Currently, autonomous car development is limited to California and Texas, which allow them on public roads.

'We have the authority to pull unsafe cars off the road'

While Obama recognises that in some cases the private sector should be left to develop new technologies on its own, the government needs to oversee certain shifts in how technology is used.

"There are always those who argue that government should stay out of free enterprise entirely, but I think most Americans would agree we still need rules to keep our air and water clean, and our food and medicine safe ... And make no mistake: If a self-driving car isn't safe, we have the authority to pull it off the road. We won't hesitate to protect the American public's safety."

"We have to get it right," Obama says of autonomous car regulation in an opinion piece for the Pittsburgh Post-Gazette. "Americans deserve to know they'll be safe today even as we develop and deploy the technologies of tomorrow."

But Obama also admits that "regulation can go too far," adding: "Government sometimes gets it wrong when it comes to rapidly changing technologies.
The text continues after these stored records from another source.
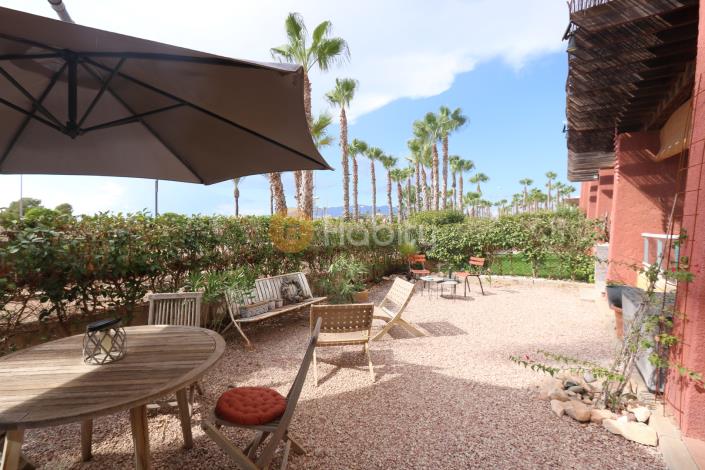 Image No.19-2 Bed Apartment for sale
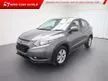 Used 2016 Honda HR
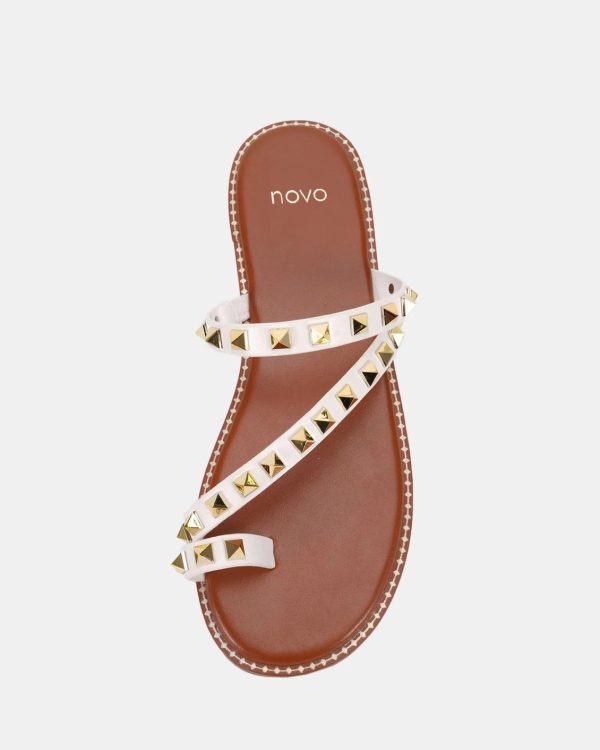 Attireaxis.shop4744c67342 4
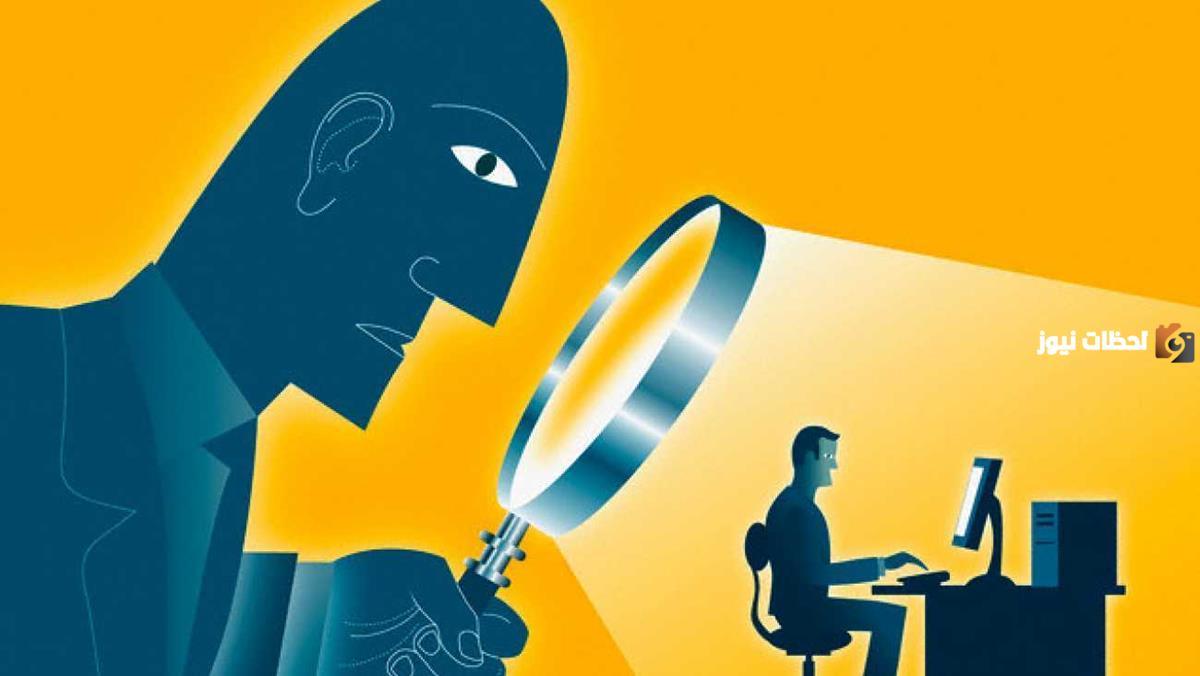 دور الشفافية في معالجة الخلافات الإعلامية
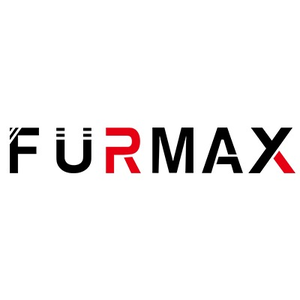 Furmax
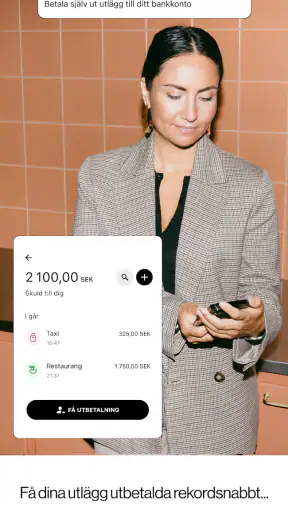 Pleo screenshot
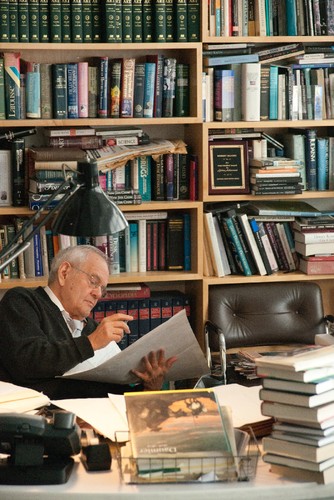 robert-b-silvers-annie-schlechter.jpg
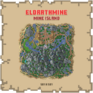 Rzyb4.png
That's why this new policy is flexible and designed to evolve with new advances."

Self-driving cars will take away today's jobs

Seeing how widespread autonomous car adoption could take people's jobs away, Obama says the US will train Americans to prepare "for the good-paying jobs of tomorrow".

The president's comments and plans for the future as autonomous car development by companies from the US and UK to Europe and China accelerates. Semi-self driving cars such as those from Tesla can be bought today, while Uber is now transporting passengers in autonomous vehicles with a driver only there to take over in an emergency. It is commonly believed that fully autonomous vehicles requiring no human control at all will be on the roads by 2020.

The same principle applies to autonomous cars, the president says, adding: "What's more, the quickest way to slam the brakes on innovation is for the public to lose confidence in the safety of new technologies."